→ **WHAT IS BEING ASKED**:
Omit the pictures, and output the rest of the entries exactly as written.

──────── THE DATA ────────

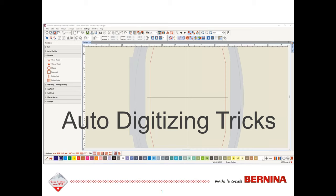You're looking at the Creator level of software on the screen. Remember that if you have Creator level and you want Designer Plus, you can always purchase an upgrade to get the higher level of software.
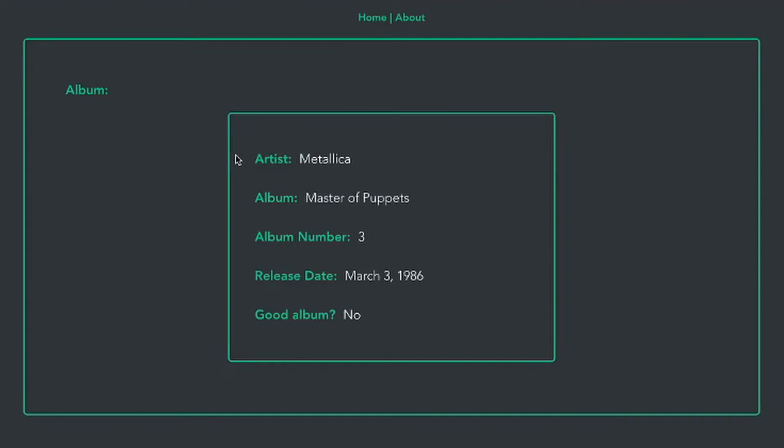All of a sudden it looks like I don't know how to write JavaScript. There we go. I have no idea why that happened.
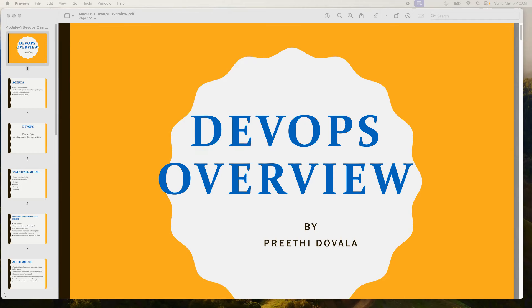Today we'll be going through the overview of DevOps — what is DevOps and why DevOps came into picture.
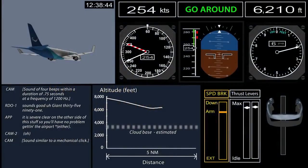We will show a short animation depicting the sequence of events. Note that the depictions are not necessarily identical to the airplane displays.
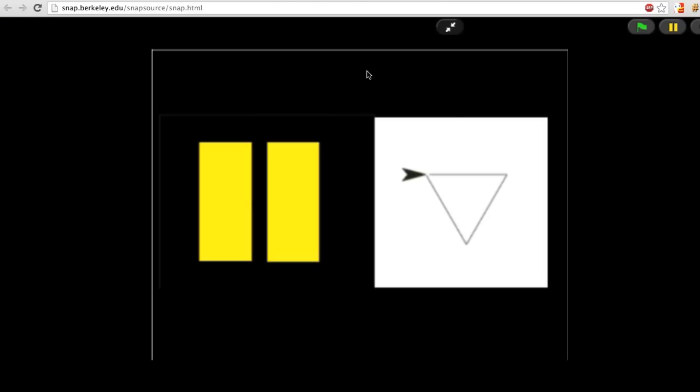At this point, you should pause the video and try writing a block that draws an equilateral triangle. Don't worry if it doesn't work at first. Just figure out what the problem is and fix it. Also, remember not to worry about where the triangle is drawn or what direction it's facing. Just keep it as simple as possible.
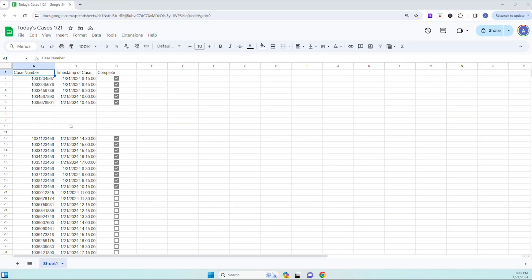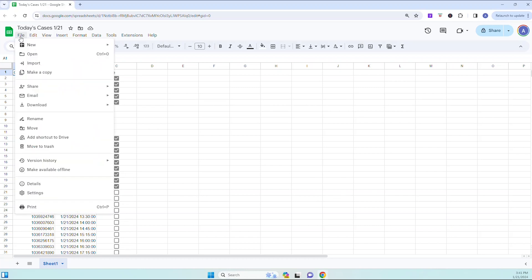Now let's touch on how to go back to a previous version of any spreadsheet. Let's say you open up this spreadsheet and you notice that there's a chunk of cases missing because someone deleted them accidentally. I need to have those case numbers for audit purposes. To go back to a previous version, just click on File and then hover over Version History, then click on See Version History.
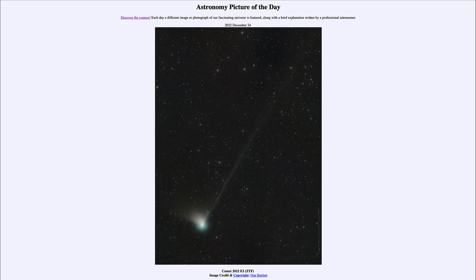Although it is unlikely to become a very bright comet visible to the naked eye, right now it needs to be observed with a telescope. This is a nice image taken with a telescope just a few days ago on December 19th.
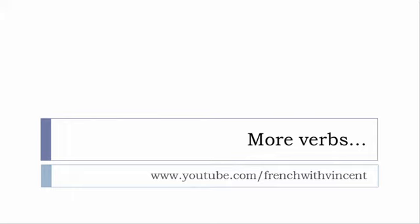Okay so that's it for these verbs I hope everything was okay don't forget it's always possible to see the video one more time if you want to see more verbs then www.youtube.com slash French with Vincent is waiting for you more than 6500 verbs are waiting for you there so I guess that you should find everything that you want or you need.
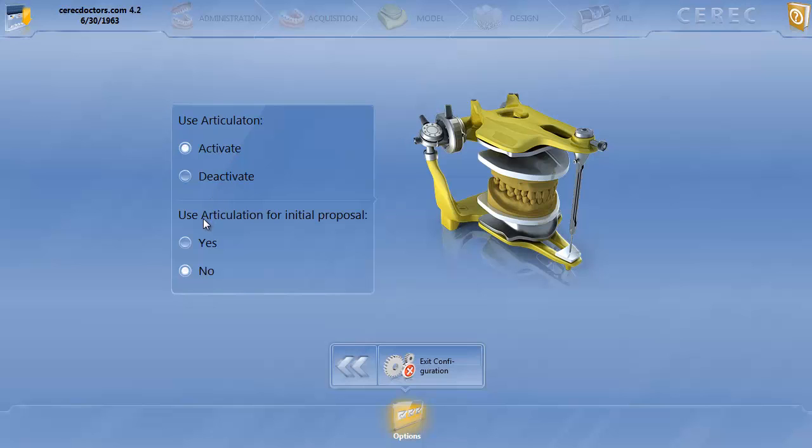Now use articulation for the initial proposal, in general I like to have this off. And I'll show you what happens when it's on, but when it's off, it gives me the ability to visualize where my dynamic occlusal interferences are located. And I like to see them just to verify that it's the same in virtually as it is in the mouth, and I actually like to adjust it.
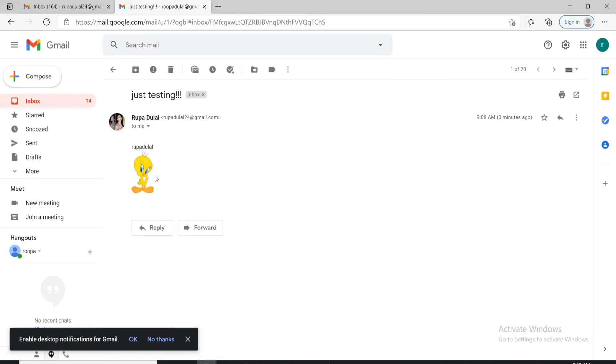Let me click it open and you can see that the image has been attached to the signature with the email I sent. That is how you can add an image to Gmail signature without URL.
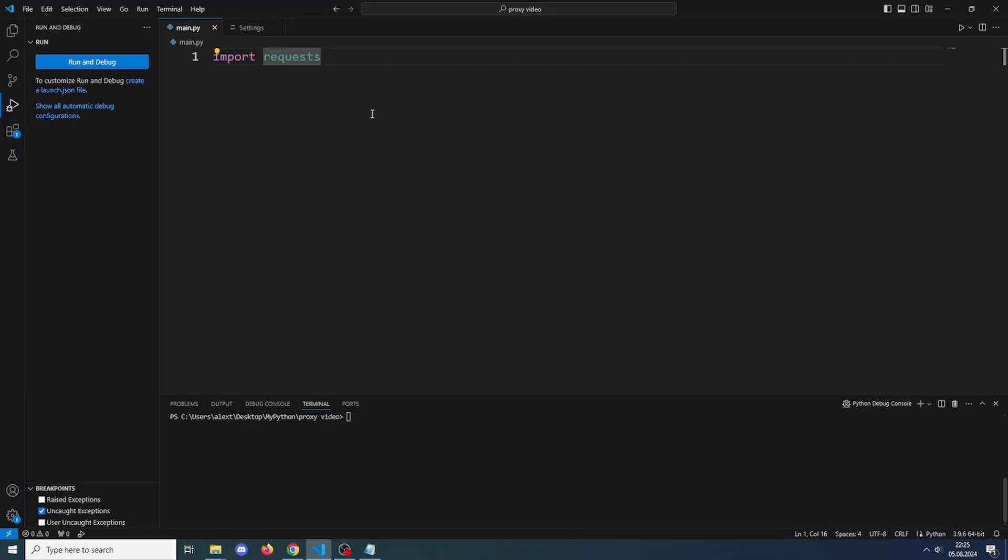Hey everyone, in this video I'll be showing you how to use proxies with Python requests. A proxy is basically a gateway through which the request passes, changing its IP. This is really useful.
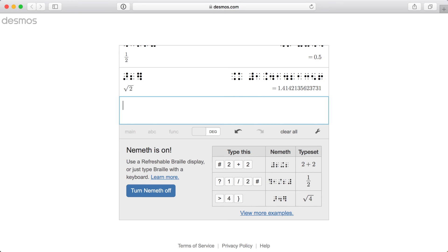We've designed Braille mode to help facilitate mathematical communication between sighted and blind users, whether teacher to teacher, teacher to student, or student to student. Case in point, if you switch between modes, we'll automatically translate all inputs and results.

────────

→ **YOUR SOLUTION**:
You're looking at the Creator level of software on the screen. Remember that if you have Creator level and you want Designer Plus, you can always purchase an upgrade to get the higher level of software.
All of a sudden it looks like I don't know how to write JavaScript. There we go. I have no idea why that happened.
Today we'll be going through the overview of DevOps — what is DevOps and why DevOps came into picture.
We will show a short animation depicting the sequence of events. Note that the depictions are not necessarily identical to the airplane displays.
At this point, you should pause the video and try writing a block that draws an equilateral triangle. Don't worry if it doesn't work at first. Just figure out what the problem is and fix it. Also, remember not to worry about where the triangle is drawn or what direction it's facing. Just keep it as simple as possible.
Now let's touch on how to go back to a previous version of any spreadsheet. Let's say you open up this spreadsheet and you notice that there's a chunk of cases missing because someone deleted them accidentally. I need to have those case numbers for audit purposes. To go back to a previous version, just click on File and then hover over Version History, then click on See Version History.
Although it is unlikely to become a very bright comet visible to the naked eye, right now it needs to be observed with a telescope. This is a nice image taken with a telescope just a few days ago on December 19th.
Okay so that's it for these verbs I hope everything was okay don't forget it's always possible to see the video one more time if you want to see more verbs then www.youtube.com slash French with Vincent is waiting for you more than 6500 verbs are waiting for you there so I guess that you should find everything that you want or you need.
Now use articulation for the initial proposal, in general I like to have this off. And I'll show you what happens when it's on, but when it's off, it gives me the ability to visualize where my dynamic occlusal interferences are located. And I like to see them just to verify that it's the same in virtually as it is in the mouth, and I actually like to adjust it.
Let me click it open and you can see that the image has been attached to the signature with the email I sent. That is how you can add an image to Gmail signature without URL.
Hey everyone, in this video I'll be showing you how to use proxies with Python requests. A proxy is basically a gateway through which the request passes, changing its IP. This is really useful.
We've designed Braille mode to help facilitate mathematical communication between sighted and blind users, whether teacher to teacher, teacher to student, or student to student. Case in point, if you switch between modes, we'll automatically translate all inputs and results.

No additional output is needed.